How to value IFRS 19 Pension liabilities – Part 2: Inflation

AFter the introduction and some technical aspects in the first part, let’s look at how inflation is impacting pension liabilities. Inflation in my experience is something which is widely misunderstood when it comes to pension plans.

In many countries, especially Germany and UK, defined benefit pension plans work in general the following way:

Accumulation/active phase:
For active employees, each year the work for the company, they get promised a pension in relation to their current salary. So the longer they work and the more they earn, the higher the future pension promise. Companies have to disclose the assumption for the increase in salaries. Salary increases are a function of inflation and promotion. People who work a long time in companies and get promoted, usually increase their salary much more than inflation. Nevertheless it is fair to assume that in many cases, inflation will be reflected in salary increases.

Payout phase
Once an employee has retired, his pension payments are often linked to an inflation rate. In Germany for instance, those payments are linked to the German CPI (consumer price inflation) but with a minimum increase of 1% in any case.

Inflation Compounding
What many people don’t realize is that a permanent increase in the inflation level has a compounding effect, the adverse effect of course with decreasing inflation level. Roughly, an increase in inflation by a certain percentage has the same “sensitivity” as the discount rate.

Example Thyssen:

Thyssen Krupp for instance uses in their annual report 2012/2013 the following assumptions (Germany):

– Inflation rate for pension payments 1.5%
– Wage increases 2.5%

They show that a 1% change in the discount rate will change the pension liability by around 920 mn EUR. With a current net pension liability of 6.2 bn we can “reverse engineer” the duration of the liability simply by dividing 20/6.2 bn ~ 15 years.

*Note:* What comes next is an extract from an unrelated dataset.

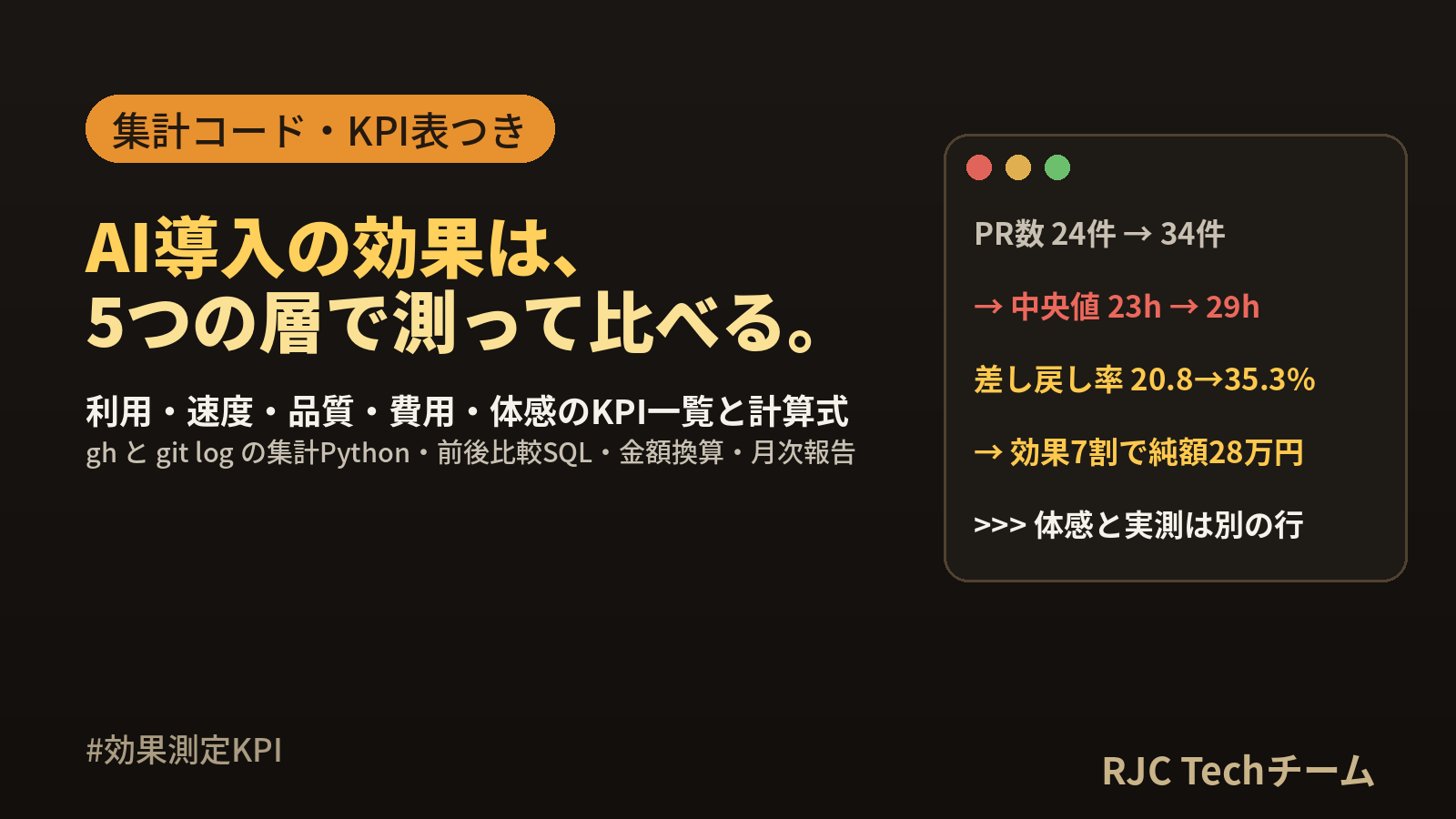 生成AI導入の効果測定KPI｜開発チーム向け指標一覧と計算式・集計コード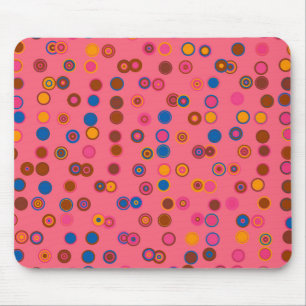Tapis De Souris Motif de cercle géométrique bulle rose corail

This duration can be used both, as a simplified multiplier for changes tinterest rates and changes in assumed inflation rates. For instance if one assumes 2% instead of 1.5% as future inflation, the pension liability would be 15×0.5%=7.5% higher than it is shown on the balance sheet.

Inflation expectation vs. break even inflation rates

Many people especially here in Germany do think that we will see higher inflation going forward. I would not base my inflation expectations on subjective opinions but on observable market prices. Luckily we do have observable market prices for inflation: So called “inflation break even rates“, i.e the yield differences between nominal bonds and inflation linked bonds of the same issuer with the same maturity.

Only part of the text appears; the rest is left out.